As part of his controversial campaign platform and now his administration, Rodrigo Duterte’s DU30 program endorses extrajudicial and vigilante killings of drug dealers and users. Police, “civilian police” (or policemen out of uniform taking extrajudicial actions), and “assets” (or regular civilians taking extrajudicial actions), have murdered over 4,000 people since. Of course, the concern is that one could kill someone he had a personal rife with under the pretense that the assassinated was a drug user. I’ve heard violence in the streets has increased significantly and people are refraining more from going out at night.

The President has also been recently accused of ordering murders of political, business, or personal enemies, during his term as Mayor of Davao. And, of course, he’s made plenty of headlines with his, um, spicy remarks towards towards the US ambassador, President Obama, the Pope…. Still, I’ve seen a surprising amount wristbands, arm sleeves, sleeping masks, car window tints, etc. with his logo of a fist emblazoned with “DU30.”

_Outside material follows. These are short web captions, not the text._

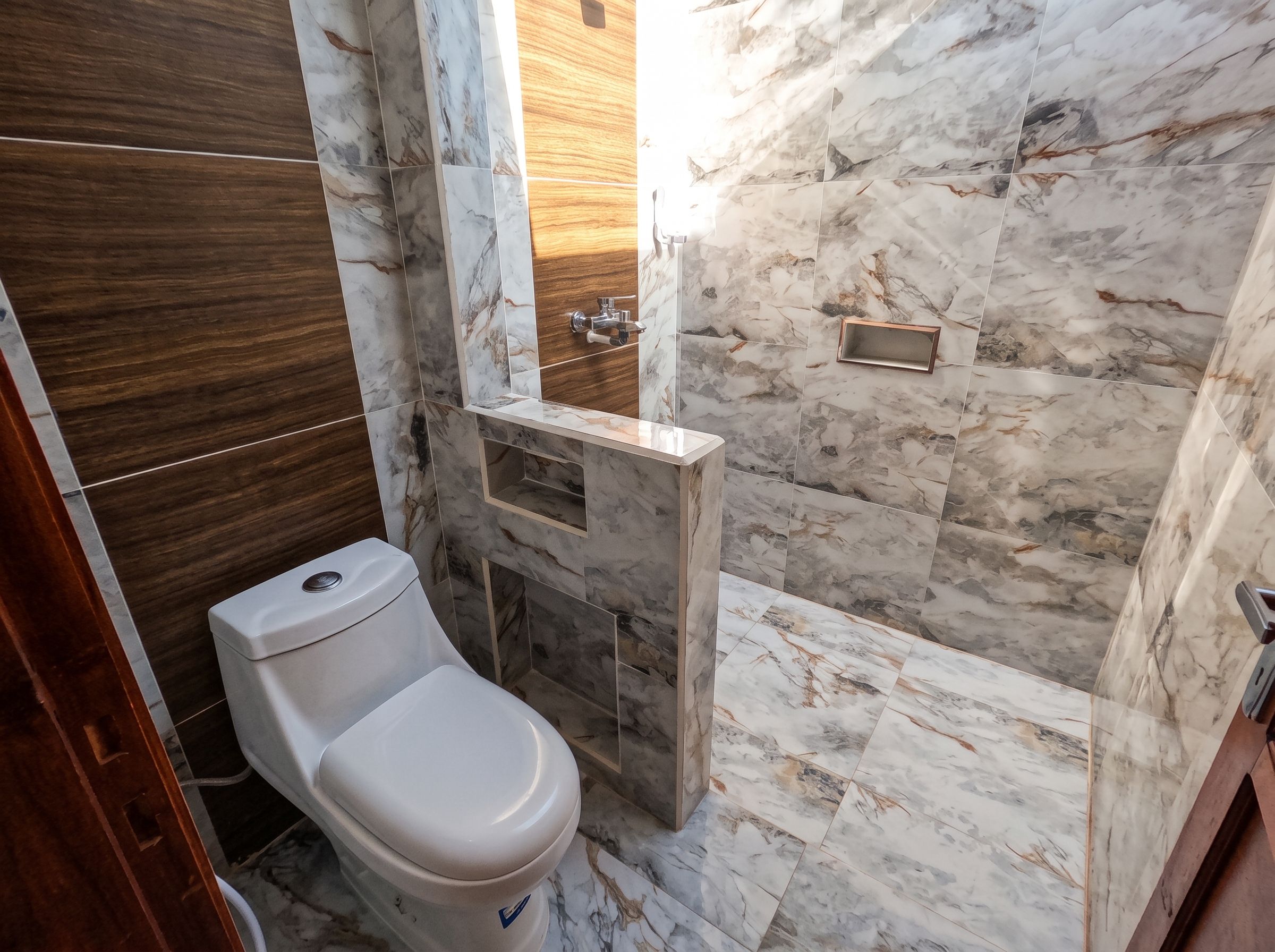 Un baño con inodoro, zona de ducha y tocador con espejo.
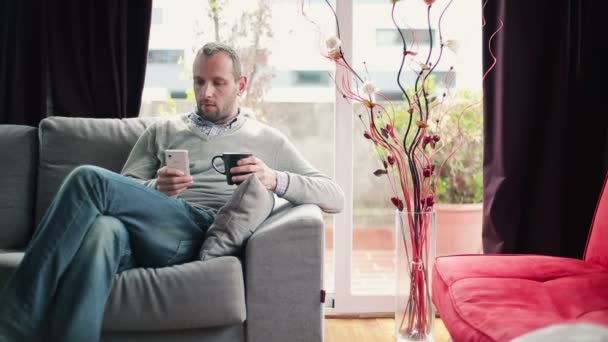 Man drinking tea and using smartphone — Stock Video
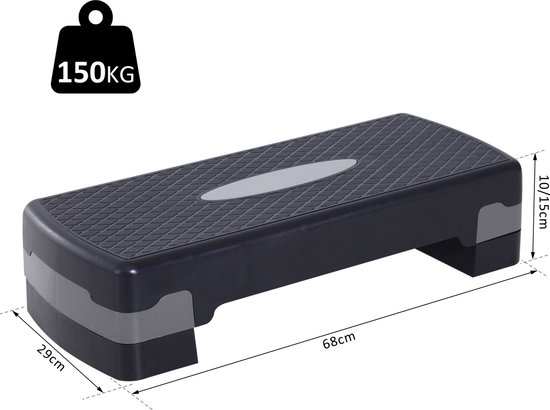 Zwarte step met grijze accenten, 68x29x10/15 cm, met 150kg gewichtslimiet indicatie.
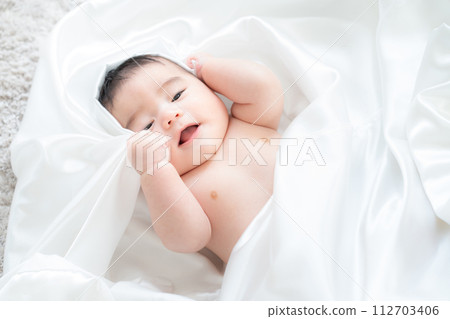 baby wrapped in white sticker baby wrapped in white sticker 112703406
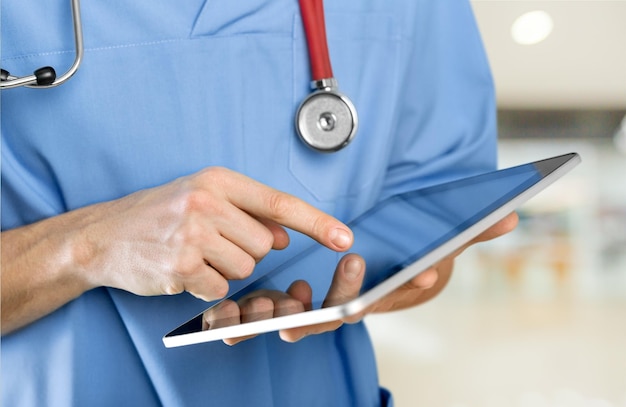 doctor holding digital tablet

8.  The main mode of transport is jeepney.

If I want to go into the city, I stand on the highway and flag down a jeepney, a vehicle style that evolved from retrofitted military vans Americans left behind after WWII with 2 bench seats facing each other in the back. Jeepney drivers take great care to deck out their ride! Metal horns protrude from the front, a few hood ornaments may be mounted on, and the sides of all of them are painted with a mural depicting the Jeepney driver’s family, Marvel superheroes, an American Western landscape, and the like. The bumper and mudflap will usually have phrase thanking God. My jeepney ride to the city an hour away is only $0.75 USD.

9.  Country/Western culture is huge!

Maybe the mention of “American Western landscape” in the last fact caught your eye. That’s right: Filipinos in the North are about country/western music and culture! I’ve heard more classic country radio here than I have in the South!